Saved data entries:
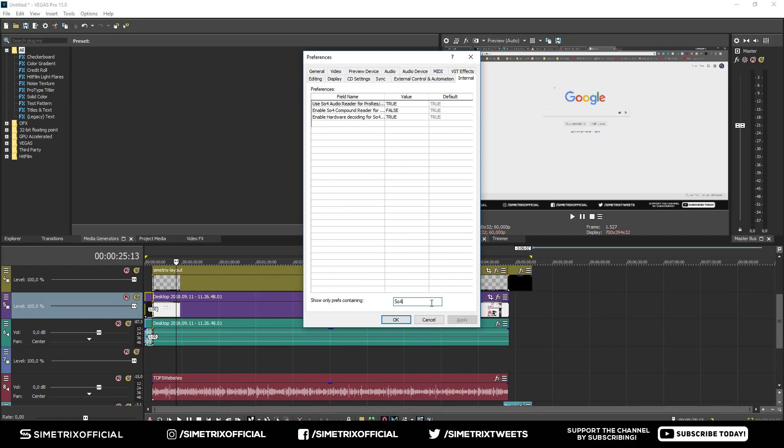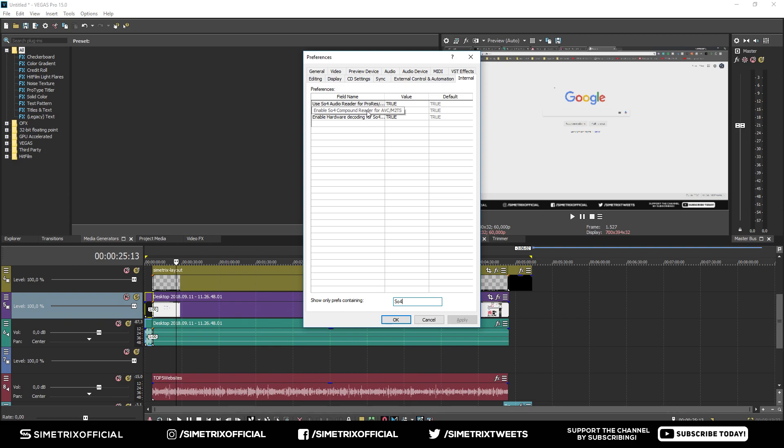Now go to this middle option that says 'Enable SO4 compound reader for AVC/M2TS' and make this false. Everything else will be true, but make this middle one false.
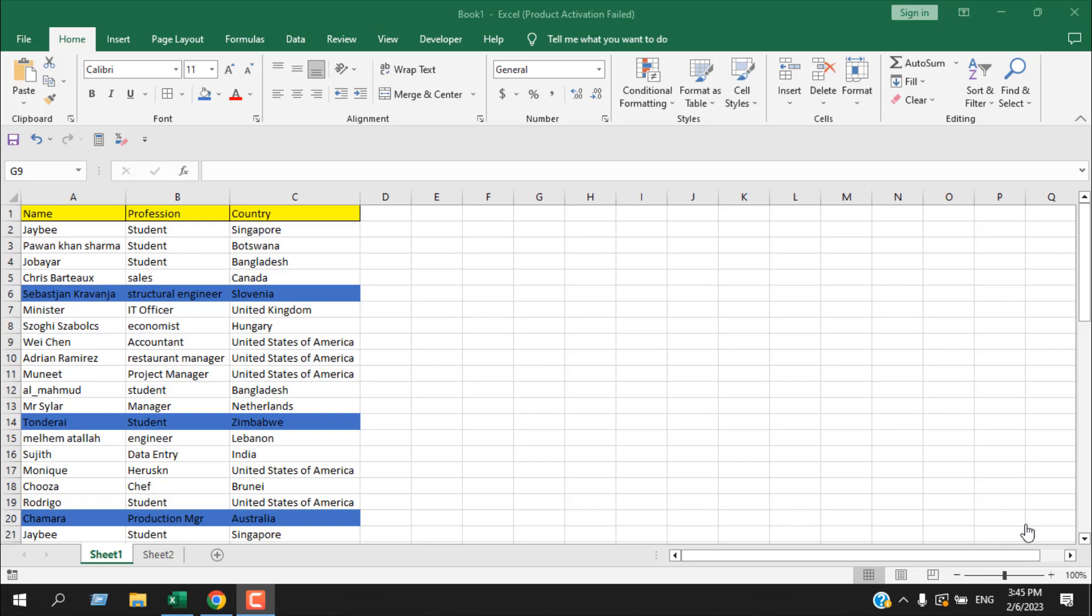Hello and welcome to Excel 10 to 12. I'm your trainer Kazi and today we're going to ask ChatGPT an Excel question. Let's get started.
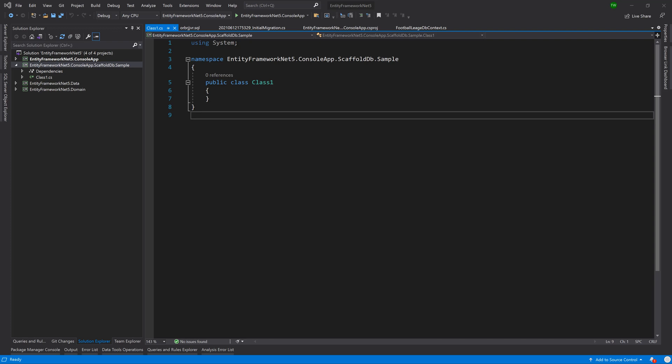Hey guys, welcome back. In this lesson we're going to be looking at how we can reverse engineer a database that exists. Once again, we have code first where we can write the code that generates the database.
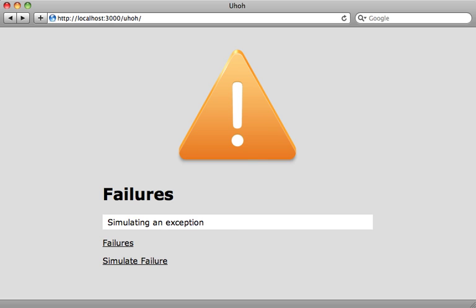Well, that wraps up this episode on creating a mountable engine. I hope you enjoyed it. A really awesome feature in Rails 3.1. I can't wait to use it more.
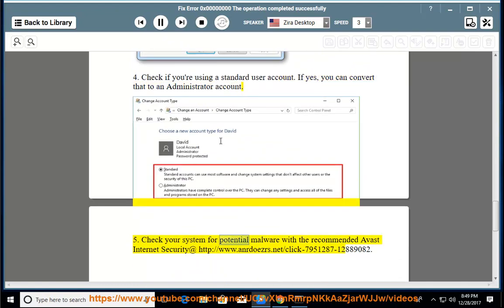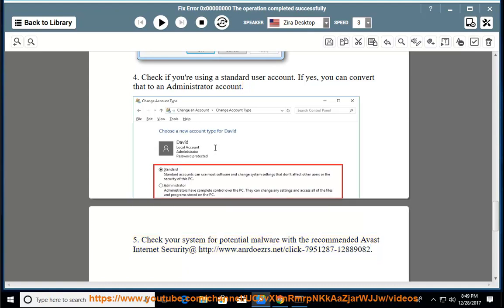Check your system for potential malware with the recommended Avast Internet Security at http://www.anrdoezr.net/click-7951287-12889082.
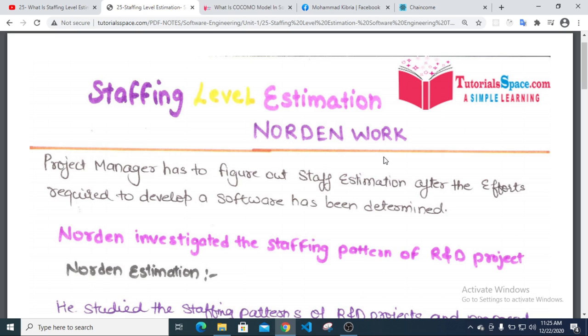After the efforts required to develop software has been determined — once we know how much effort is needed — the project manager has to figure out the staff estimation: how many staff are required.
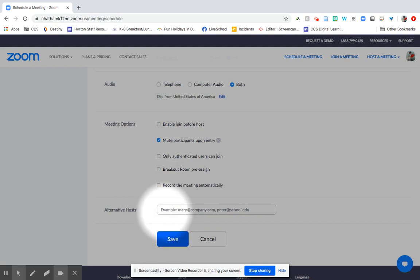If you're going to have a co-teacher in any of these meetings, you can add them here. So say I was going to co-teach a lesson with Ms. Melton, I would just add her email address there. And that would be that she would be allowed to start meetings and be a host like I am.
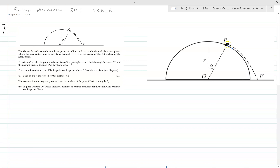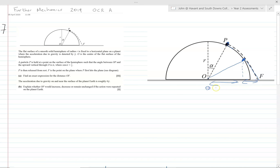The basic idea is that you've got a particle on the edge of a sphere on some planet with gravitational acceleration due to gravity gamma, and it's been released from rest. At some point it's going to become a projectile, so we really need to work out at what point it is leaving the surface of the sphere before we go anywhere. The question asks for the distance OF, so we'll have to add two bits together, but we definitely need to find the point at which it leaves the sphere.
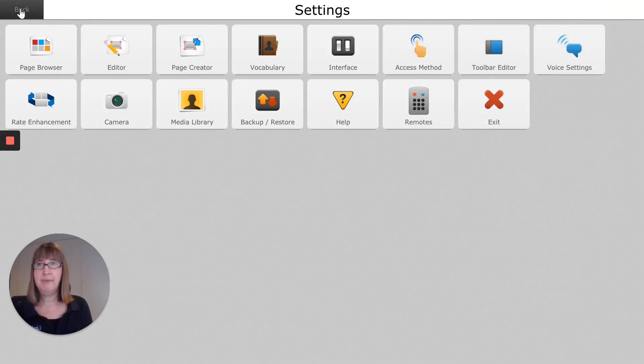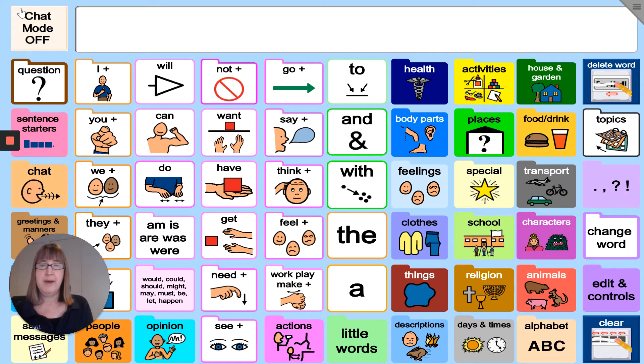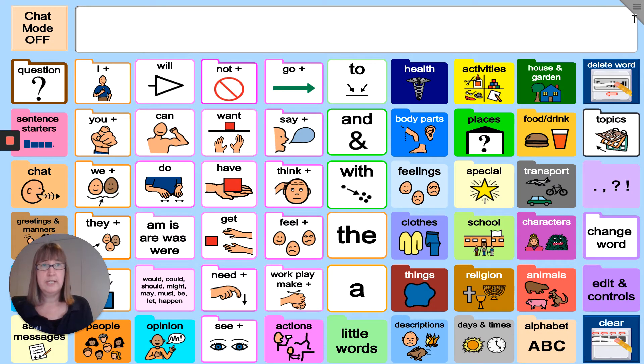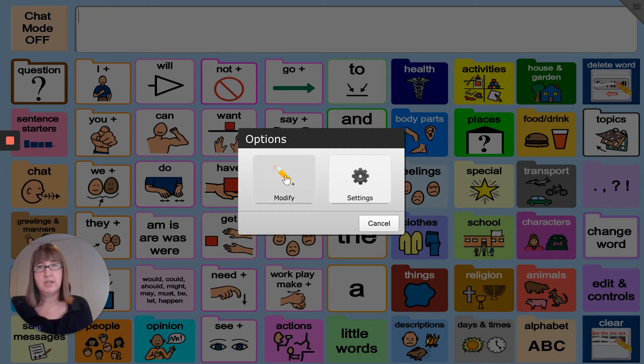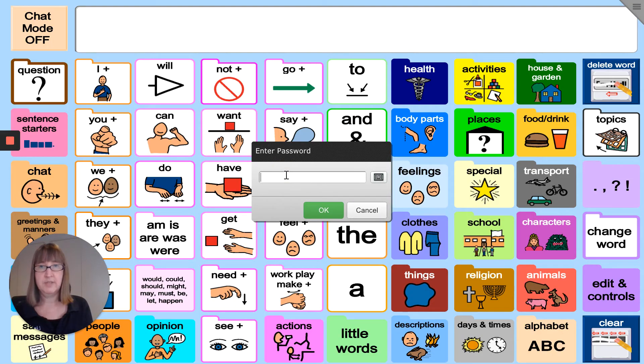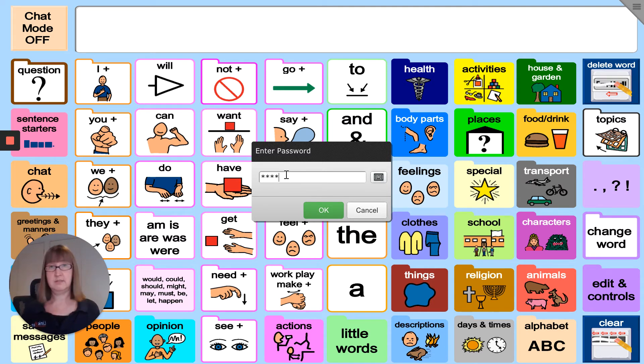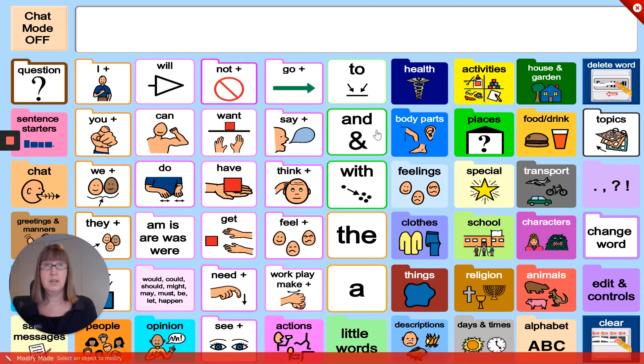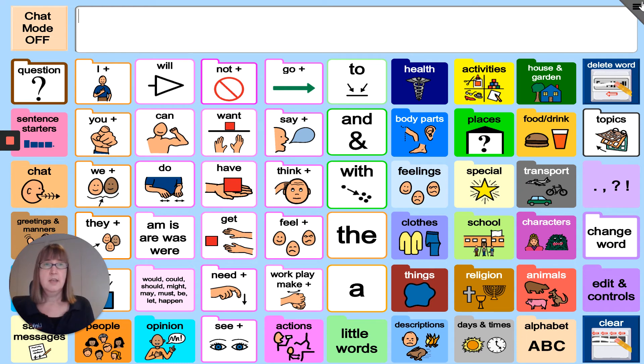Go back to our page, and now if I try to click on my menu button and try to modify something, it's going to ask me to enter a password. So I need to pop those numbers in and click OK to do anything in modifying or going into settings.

-- EXERCISE GOAL --
Take the records above from their first line through the line with "Hello and welcome" and set those lines down word for word, minus the pictures.

-- EXERCISE ANSWER --
Now go to this middle option that says 'Enable SO4 compound reader for AVC/M2TS' and make this false. Everything else will be true, but make this middle one false.
Hello and welcome to Excel 10 to 12. I'm your trainer Kazi and today we're going to ask ChatGPT an Excel question. Let's get started.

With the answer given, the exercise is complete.